◆ SOURCE INFORMATION ◆
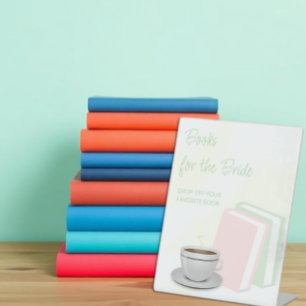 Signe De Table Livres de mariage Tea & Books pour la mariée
* * *
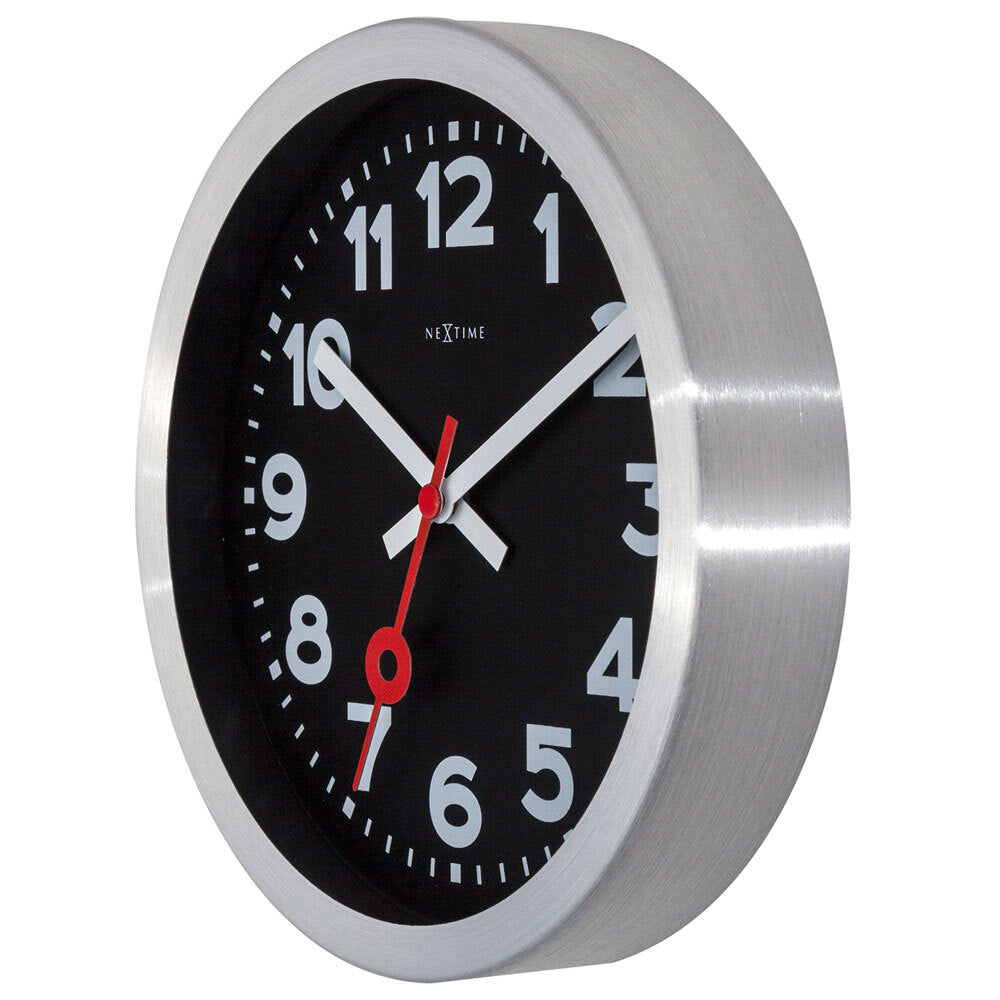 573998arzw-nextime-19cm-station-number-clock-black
==
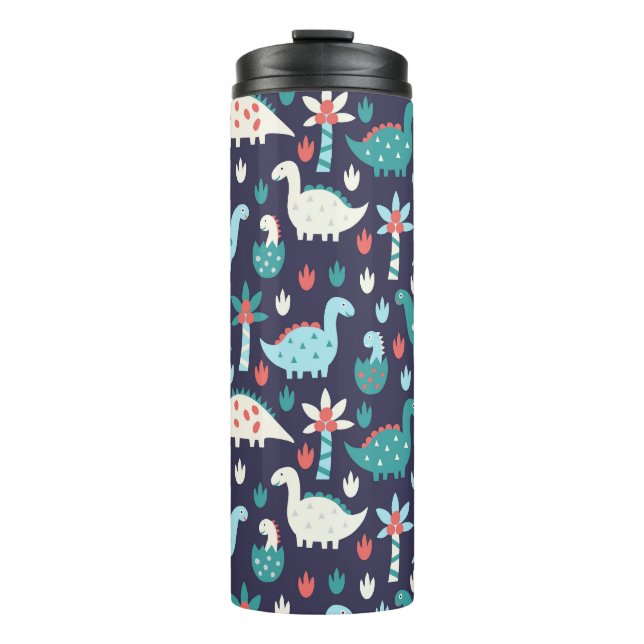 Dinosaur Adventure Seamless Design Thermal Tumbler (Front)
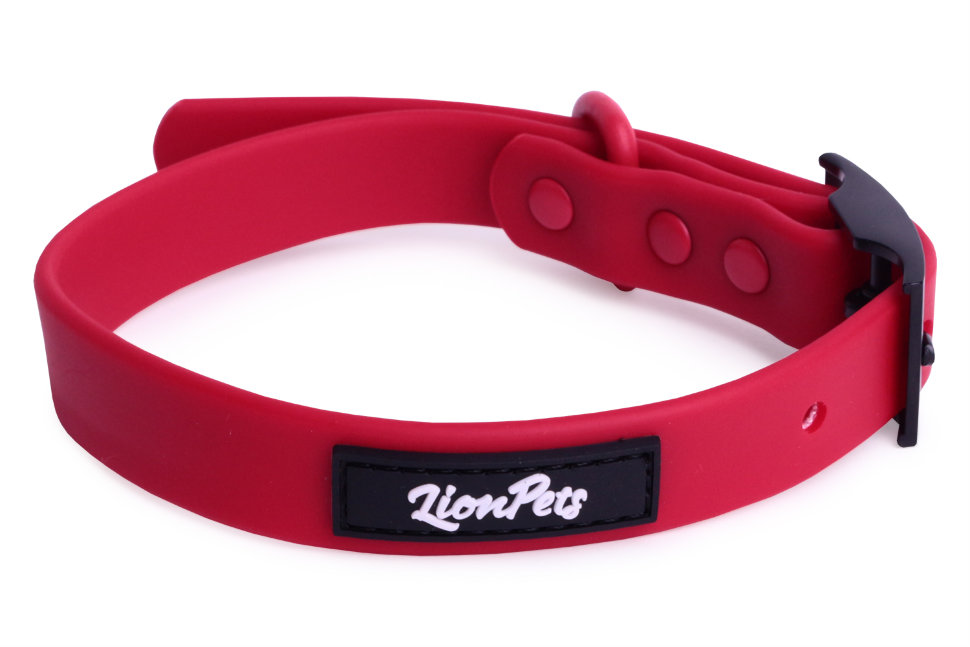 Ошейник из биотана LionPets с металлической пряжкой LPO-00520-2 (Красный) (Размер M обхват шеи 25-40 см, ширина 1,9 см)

◆ DESCRIPTION OF THE TASK ◆
Look above for the line with "Dinosaur Adventure Seamless" and the line with "Ошейник из биотана", then restate exactly those two lines and all lines between them, with no pictures.

◆ TASK OUTPUT ◆
 Dinosaur Adventure Seamless Design Thermal Tumbler (Front)
 Ошейник из биотана LionPets с металлической пряжкой LPO-00520-2 (Красный) (Размер M обхват шеи 25-40 см, ширина 1,9 см)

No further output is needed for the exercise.